Samuel volvió a hacer algunos cálculos mentales y a apuntar resultados en el cuaderno. Pero la solución no aparecía. Se empezó a imaginar los movimientos de los trenes en su cabeza. Agarró dos naves de Galaxy Rising y los empezó a colocar como si se fueran a encontrar.

A pesar de sus esfuerzos mentales, las coordenadas no se reflejaban en la pantalla. Nakai se desesperaba. Y además estaba siendo asediado por naves parásitas de los adoradores del Gran Guía. Acechantes, implacables, no se detenían hasta que no acababan con su objetivo. Se le presentaba un gran dilema. Contrarrestar el asalto de las naves enemigas, mucho más veloces que su reactor, o intentar a la desesperada dar con las claves y las coordenadas de la prisión de Naoth. Su frente ardía, por su mente telépata empezaron a desfilar datos, mapas, sectores y posiciones que iba volcando en la computadora. Las naves parásitas ya habían caído sobre el casco del reactor. Necesitaba activar la omnitransportación para desplazarse al sector en que estaba prisionera Naoth, antes de que su planeta-prisión implosionara. Debía insertar esas coordenadas manualmente, y para eso necesitaba un tiempo del que no disponía. Los vastos espacios de la nebulosa se le hicieron angustiosos.

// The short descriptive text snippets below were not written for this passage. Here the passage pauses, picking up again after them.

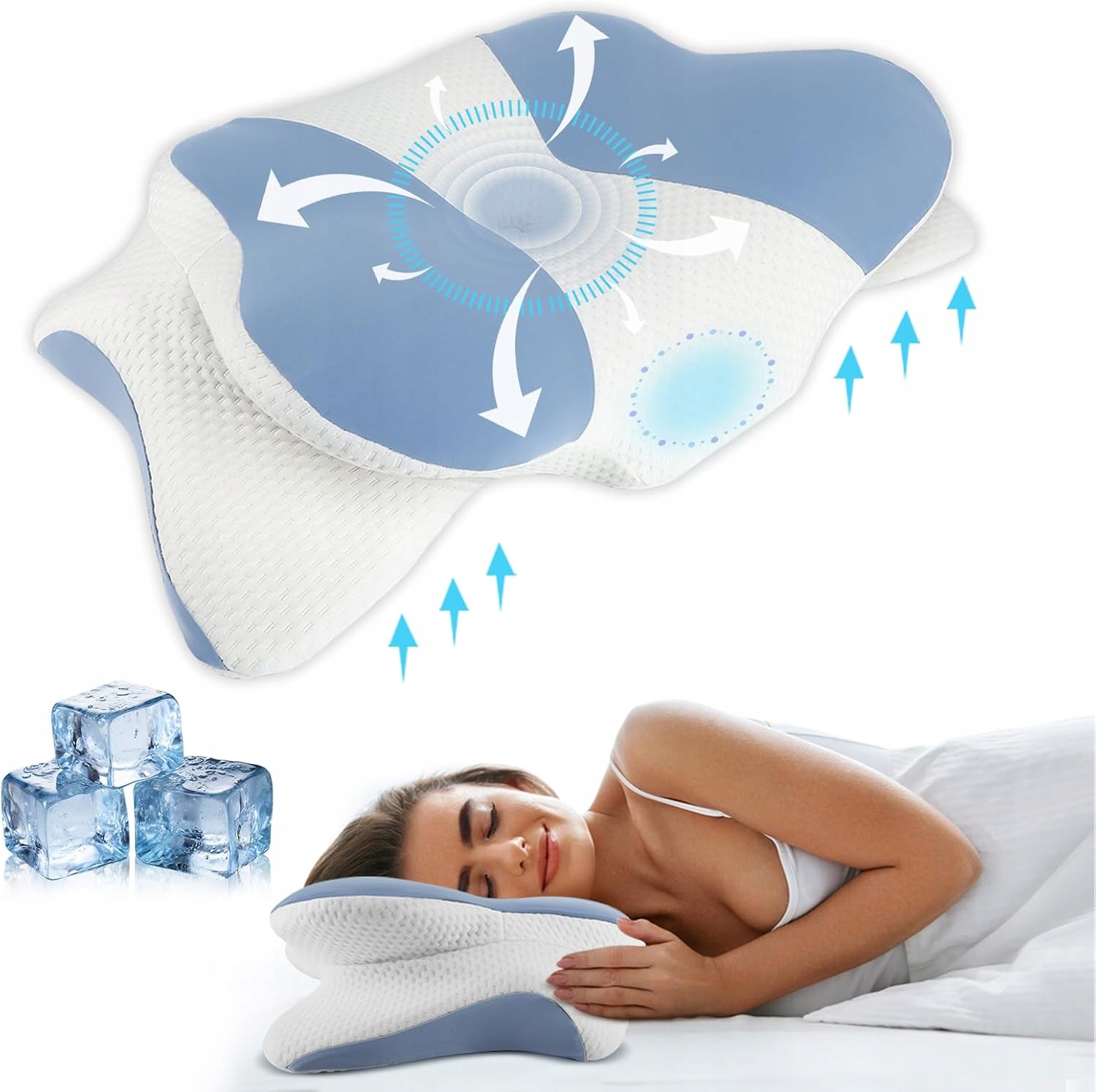 Poduszka Ortopedyczna Z Memory Pianki Ergonomiczna Ochronna Pleców I Szyi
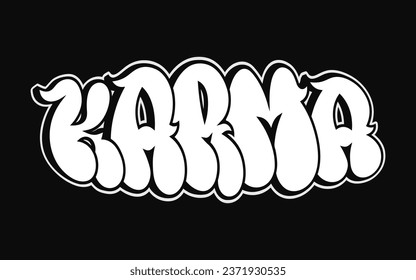 Palabra karma trippy letras estilo graffiti psicodélico. Logo de dibujos animados de dibujos animados a mano en Karma ilustración. Divertidas y geniales cartas trippy, moda, graffiti estilo impreso para camiseta, afiche 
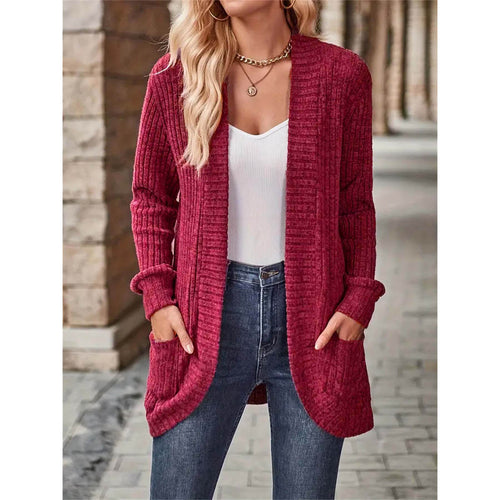 Dame Langærmet Strikcardigan med asymmetrisk Snit Stilla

Lo que temía Nakai era surgir en cualquier punto perdido del espacio, a la deriva y sin energía, si los introducía incorrectamente. Las naves parasitas empezaron a infectar la superficie del reactor estelar y a destruir los sistemas de navegación. Cerró los ojos, concentró sus pensamientos, y su mente se desplazó por todo el cosmos absorbiendo incalculables volúmenes de información…

El pequeño Samuel seguía esforzado delante del cuaderno, dándole vueltas al problema.         

—Si el vehículo A recorre esos 122 kilómetros a la hora… resto a la distancia total entre las dos estaciones la velocidad a la que recorre… —musitaba Samuel para sí mismo mientras tecleaba alguna operación con la calculadora.

—¡Israel! No me aguanto más, ¿qué estás haciendo en el baño? —gritaba su madre en el pasillo.

—¡Penalti, penalti! —exclamaba su padre en el salón.

Samuel repasó su cuaderno de apuntes y probó con otra de las fórmulas. La ecuación ya le parecía clara y evidente. Un cálculo en unos corchetes, luego una división… después de un par de minutos ya sentía que lo había resuelto.

—¡Lo tengo, lo tengo! —exclamó Samuel con exultante entusiasmo.

—¿Qué te pasa? —preguntó su madre asomándose por la habitación—. Ya está preparada la cena.

—Los deberes, el problema. Ya he acabado.

—Déjame ver…

—¡Goooooooooooool! —chilló su padre celebrando un tanto de su equipo en el último minuto.

—¡Baja la voz, Paco, se van a quejar los vecinos! —exclamó enfadada su mujer—. Venga, enséñame los deberes, me vais a quitar la vida entre todos. Tienes todos los juguetes encima del escritorio. ¿Qué has estado haciendo?

—Mira, me ha costado toda la tarde, pero he acabado las mates.

—¿Matemáticas? ¿Qué es esto? Has estado escribiendo un cuento. A ver, ¿qué significa esto?: «El reactor estelar atravesó con un estruendo la atmosfera inflamada del moribundo planeta púrpura. Nakai, el antiguo combatiente…» ¿Qué coño es esto? Has estado escribiendo historias de tebeo. ¿Dónde están las cuentas?

—Mamá, no lo entiendo —respondió Samuel titubeando—. He estado con las mates todo el rato. Estaba con el problema de los trenes, escribiendo la fórmula de la ecuación. Y lo solucioné mamá, te lo juro —gimoteó Samuel mientras miraba incrédulo la página del libro de matemáticas rellenada con un largo texto escrito a bolígrafo.

—Distraído y jugando toda la tarde, ya te vale. Pues castigado sin cenar. Me tienes contenta.

Al borde del colapso mental, el fugitivo Nakai logró de forma milagrosa introducir las coordenadas exactas en la computadora del maltratado reactor estelar. Las misteriosas claves, sin saber de dónde las había robado o capturado su mente, se le habían aparecido ante sus ojos de forma inexplicable. En ese instante, ante las pantallas se desplegaba la cegadora luz de una constelación de estrellas que formaban una inquietante nebulosa fantasma, mientras el reactor alcanzaba la órbita de un vibrante planeta color turquesa. Las sensaciones de enfrentarse a un nuevo desafío hicieron palpitar con fuerza sus tres corazones en el pecho. La nave estaba a punto de desmoronarse, chirriaba y apestaba a humo y sudor, pero Nakai estaba saboreando con una irresistible sonrisa el flamante olor de la victoria.